Question

Mg(OH)₂ reacted with dilute hydrochloric acid as following equation. Mg(OH)₂(s) 2HCl(aq) →MgCl₂(aq) 2H₂O(l) calculate the mass of excess reagent remaining at the end of the reaction when 25.14 ml of 0.5 m HCl were reacted with 500 mg of Mg(OH)₂?

Answer 1

To calculate the mass of excess reagent remaining at the end of the reaction, compare the moles of HCl and Mg(OH)₂ to determine the limiting reagent. Then, calculate the mass of excess reagent remaining.

Step-by-step explanation:

To calculate the mass of excess reagent remaining at the end of the reaction, we need to determine the limiting reagent first. The limiting reagent is the reactant that is completely consumed in the reaction, thus determining the maximum amount of product that can be formed. In this case, we need to compare the moles of HCl and Mg(OH)₂ to determine the limiting reagent.

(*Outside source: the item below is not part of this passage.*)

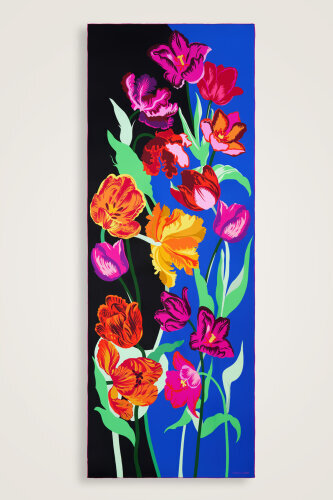 Night Garden Silk Shawl Black 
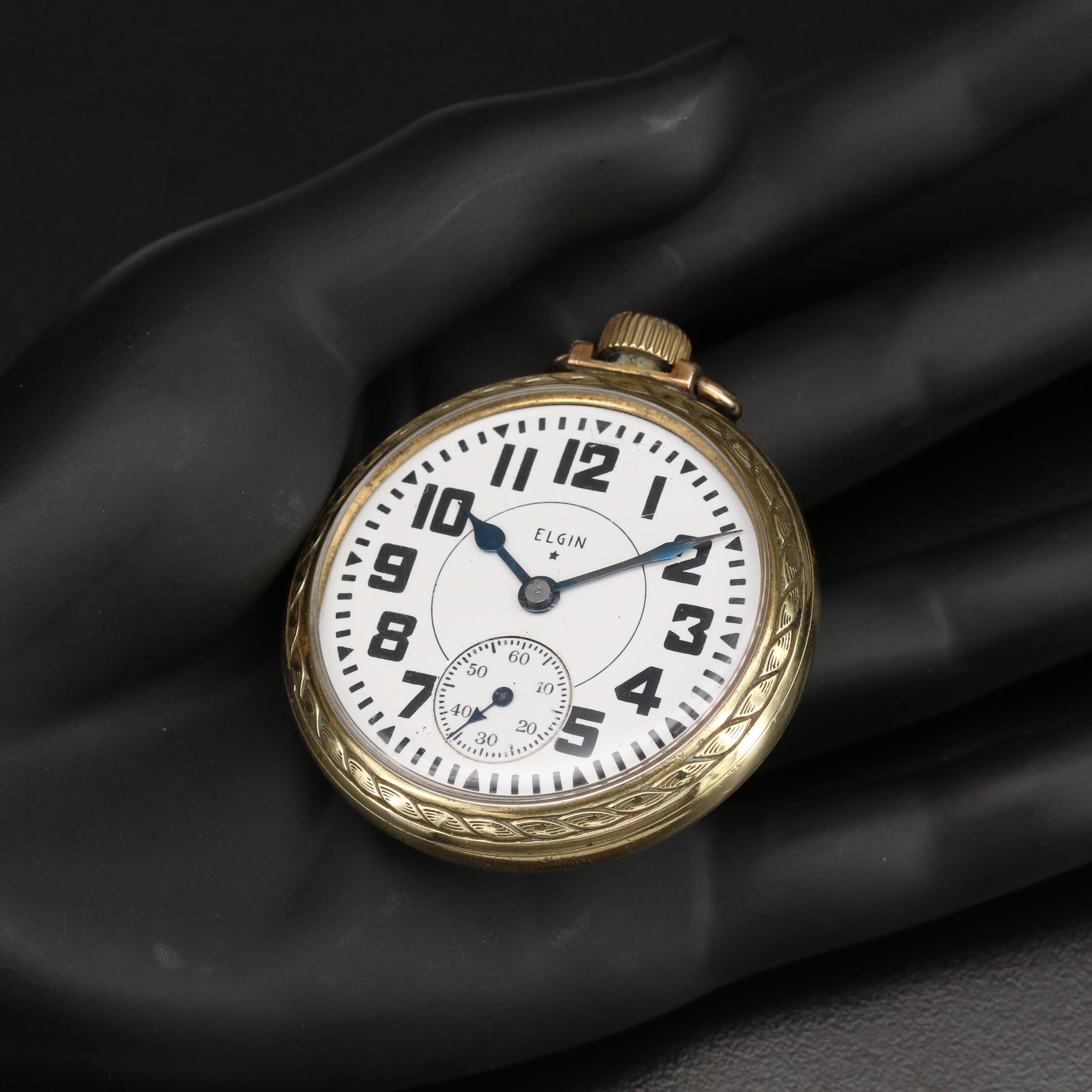 1941 Elgin B.W. Raymond Gold Tone Railroad Grade Pocket Watch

To calculate the moles of HCl, we multiply the volume of the solution by its molarity:

moles of HCl = volume of HCl solution (L) × molarity of HCl (mol/L)

Next, we calculate the moles of Mg(OH)₂ using its molar mass:

moles of Mg(OH)₂ = mass of Mg(OH)₂ (g) / molar mass of Mg(OH)₂ (g/mol)

Finally, we compare the moles of HCl and Mg(OH)₂ to determine the limiting reagent. The reactant that has the smaller number of moles is the limiting reagent, and the other reactant is in excess. From there, we can calculate the mass of excess reagent remaining at the end of the reaction.